Exercise objective> The entries are to be reproduced verbatim, and their pictures left out.

Records to use>

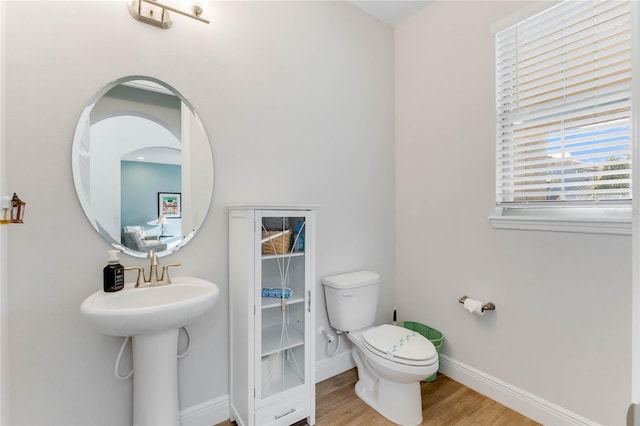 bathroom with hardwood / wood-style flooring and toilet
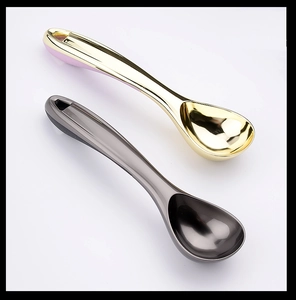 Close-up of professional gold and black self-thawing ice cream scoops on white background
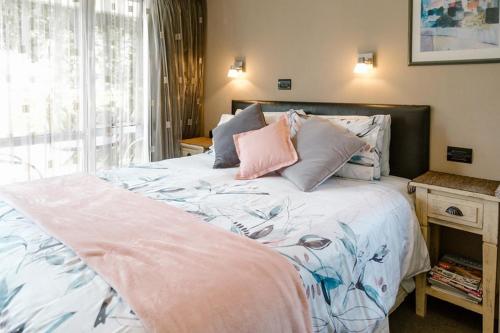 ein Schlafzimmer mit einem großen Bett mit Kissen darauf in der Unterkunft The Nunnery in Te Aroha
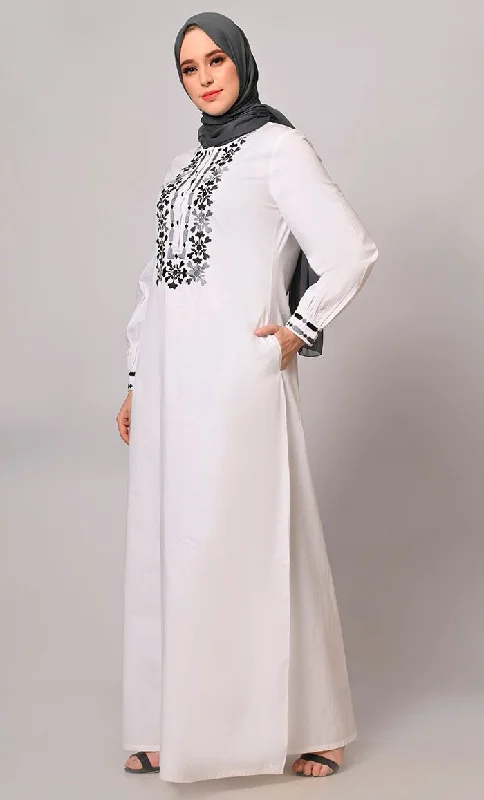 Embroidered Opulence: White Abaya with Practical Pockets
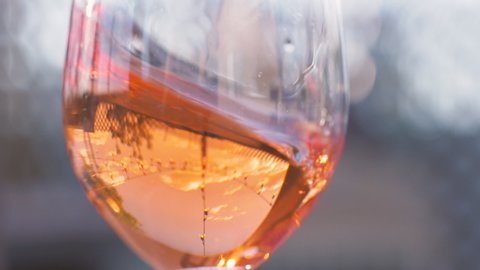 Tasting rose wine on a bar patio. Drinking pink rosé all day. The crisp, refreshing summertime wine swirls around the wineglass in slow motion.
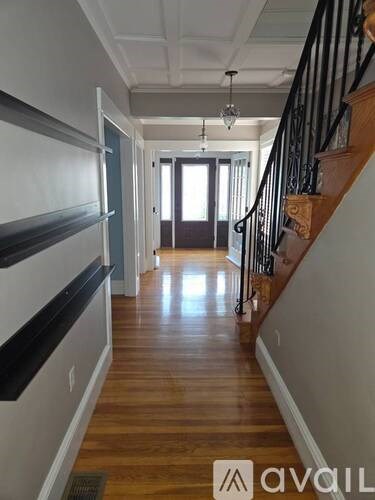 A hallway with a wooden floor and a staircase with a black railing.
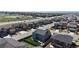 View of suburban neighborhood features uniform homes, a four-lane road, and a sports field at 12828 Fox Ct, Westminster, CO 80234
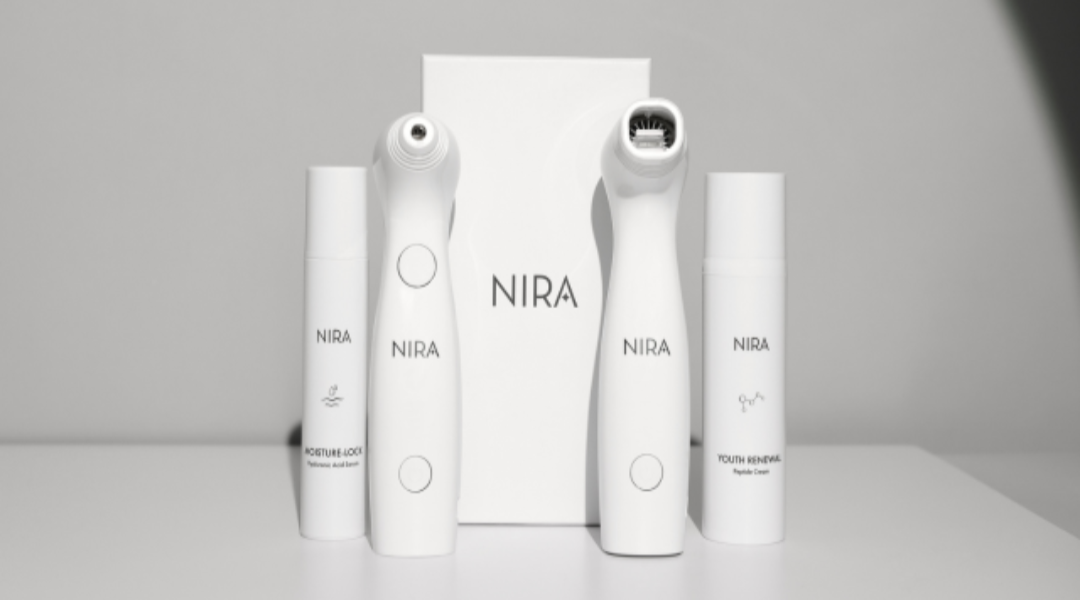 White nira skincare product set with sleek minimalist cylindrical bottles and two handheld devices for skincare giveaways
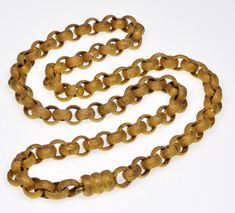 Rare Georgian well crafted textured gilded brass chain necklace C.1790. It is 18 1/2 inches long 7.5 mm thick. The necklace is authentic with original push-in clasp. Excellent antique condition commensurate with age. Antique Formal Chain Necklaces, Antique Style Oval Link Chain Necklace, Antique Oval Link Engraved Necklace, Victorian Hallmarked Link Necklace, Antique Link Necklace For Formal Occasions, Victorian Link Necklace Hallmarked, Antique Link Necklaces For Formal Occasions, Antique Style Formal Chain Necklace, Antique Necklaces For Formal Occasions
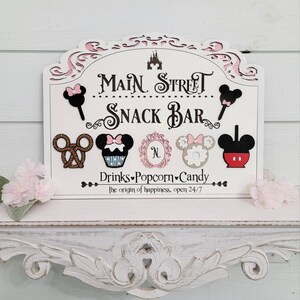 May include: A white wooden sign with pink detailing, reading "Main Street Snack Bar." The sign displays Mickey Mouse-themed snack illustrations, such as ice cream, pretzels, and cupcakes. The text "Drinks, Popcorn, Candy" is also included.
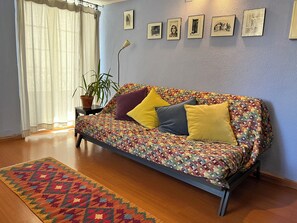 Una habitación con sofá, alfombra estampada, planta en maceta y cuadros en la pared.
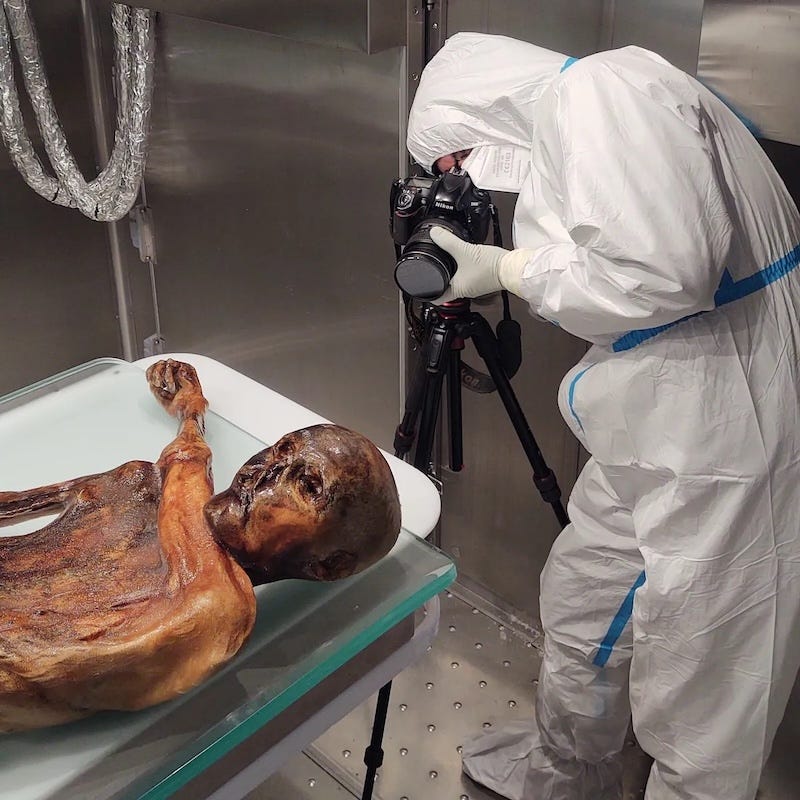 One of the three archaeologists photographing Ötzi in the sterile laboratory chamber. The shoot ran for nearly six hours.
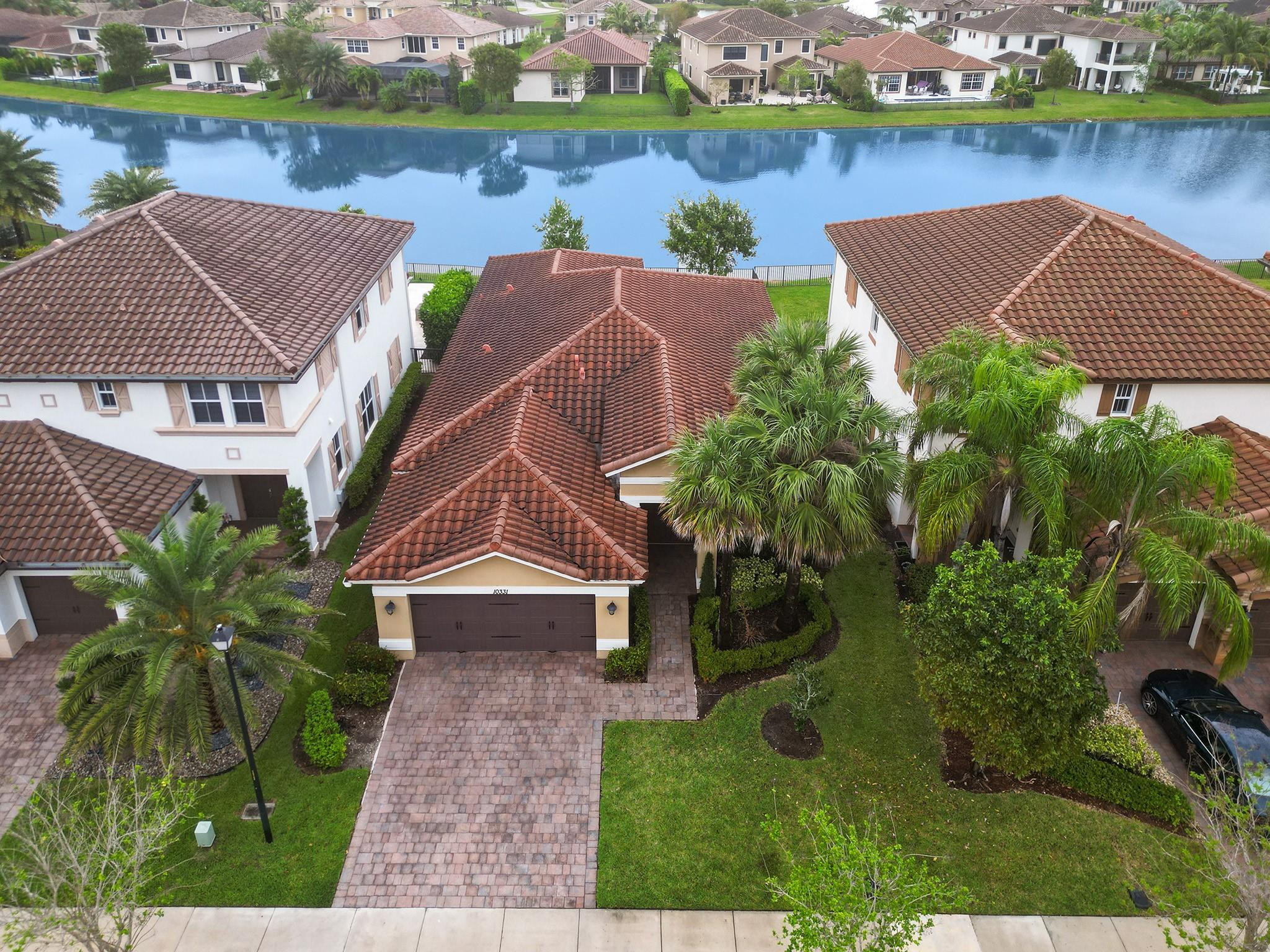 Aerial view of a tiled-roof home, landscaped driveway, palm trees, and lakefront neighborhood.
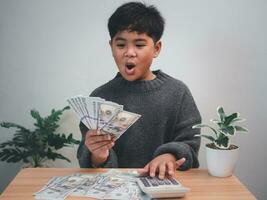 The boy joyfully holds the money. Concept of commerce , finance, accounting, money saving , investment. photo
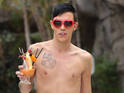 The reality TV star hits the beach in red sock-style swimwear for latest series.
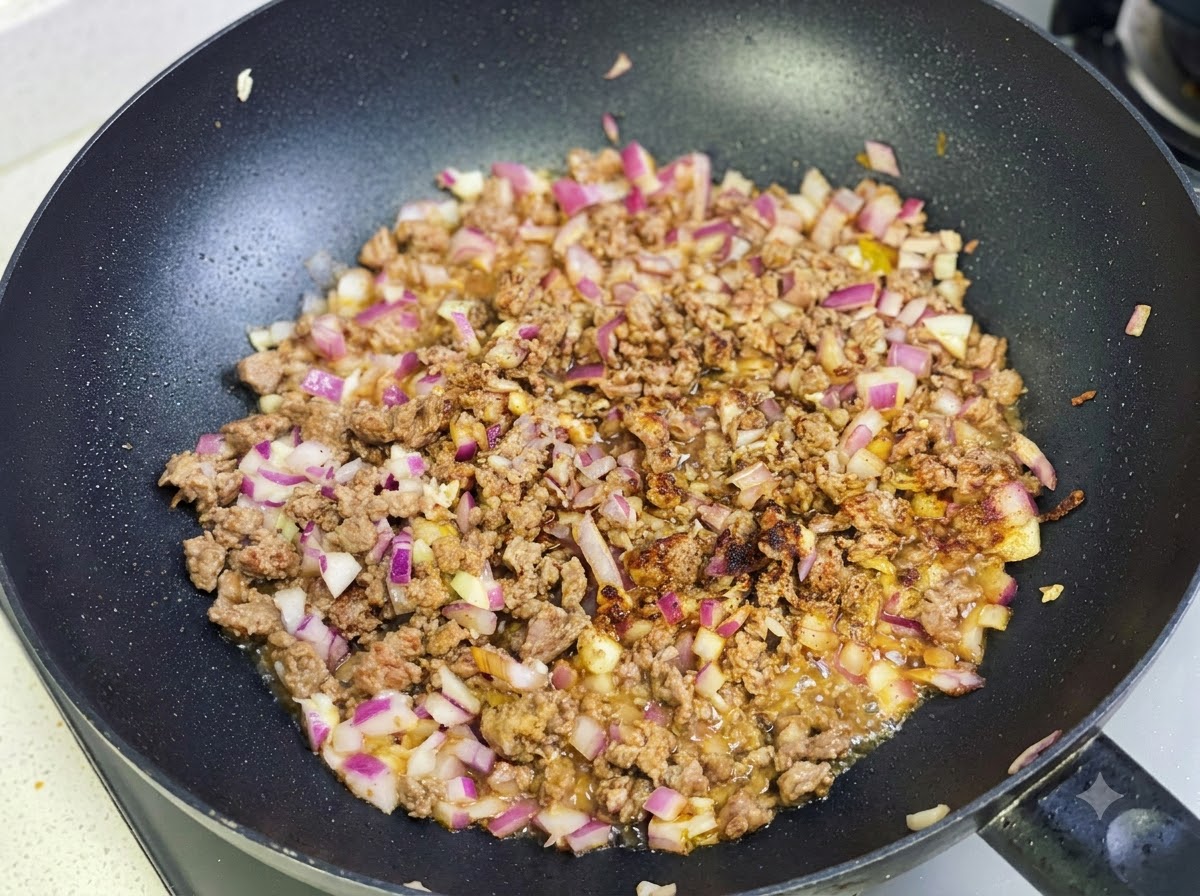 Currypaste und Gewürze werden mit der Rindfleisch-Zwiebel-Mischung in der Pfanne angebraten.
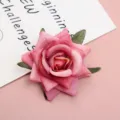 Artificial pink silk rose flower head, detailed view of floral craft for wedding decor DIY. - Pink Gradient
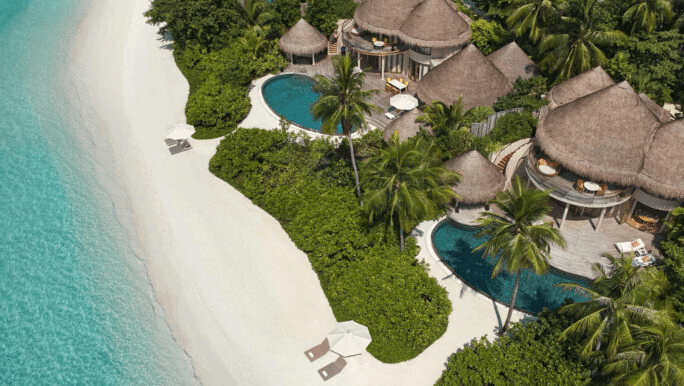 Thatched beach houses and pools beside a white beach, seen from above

Solution>
 bathroom with hardwood / wood-style flooring and toilet
 Close-up of professional gold and black self-thawing ice cream scoops on white background
 ein Schlafzimmer mit einem großen Bett mit Kissen darauf in der Unterkunft The Nunnery in Te Aroha
 Embroidered Opulence: White Abaya with Practical Pockets
 Tasting rose wine on a bar patio. Drinking pink rosé all day. The crisp, refreshing summertime wine swirls around the wineglass in slow motion.
 A hallway with a wooden floor and a staircase with a black railing.
 View of suburban neighborhood features uniform homes, a four-lane road, and a sports field at 12828 Fox Ct, Westminster, CO 80234
 White nira skincare product set with sleek minimalist cylindrical bottles and two handheld devices for skincare giveaways
 Rare Georgian well crafted textured gilded brass chain necklace C.1790. It is 18 1/2 inches long 7.5 mm thick. The necklace is authentic with original push-in clasp. Excellent antique condition commensurate with age. Antique Formal Chain Necklaces, Antique Style Oval Link Chain Necklace, Antique Oval Link Engraved Necklace, Victorian Hallmarked Link Necklace, Antique Link Necklace For Formal Occasions, Victorian Link Necklace Hallmarked, Antique Link Necklaces For Formal Occasions, Antique Style Formal Chain Necklace, Antique Necklaces For Formal Occasions
 May include: A white wooden sign with pink detailing, reading "Main Street Snack Bar." The sign displays Mickey Mouse-themed snack illustrations, such as ice cream, pretzels, and cupcakes. The text "Drinks, Popcorn, Candy" is also included.
 Una habitación con sofá, alfombra estampada, planta en maceta y cuadros en la pared.
 One of the three archaeologists photographing Ötzi in the sterile laboratory chamber. The shoot ran for nearly six hours.
 Aerial view of a tiled-roof home, landscaped driveway, palm trees, and lakefront neighborhood.
 The boy joyfully holds the money. Concept of commerce , finance, accounting, money saving , investment. photo
 The reality TV star hits the beach in red sock-style swimwear for latest series.
 Currypaste und Gewürze werden mit der Rindfleisch-Zwiebel-Mischung in der Pfanne angebraten.
 Artificial pink silk rose flower head, detailed view of floral craft for wedding decor DIY. - Pink Gradient
 Thatched beach houses and pools beside a white beach, seen from above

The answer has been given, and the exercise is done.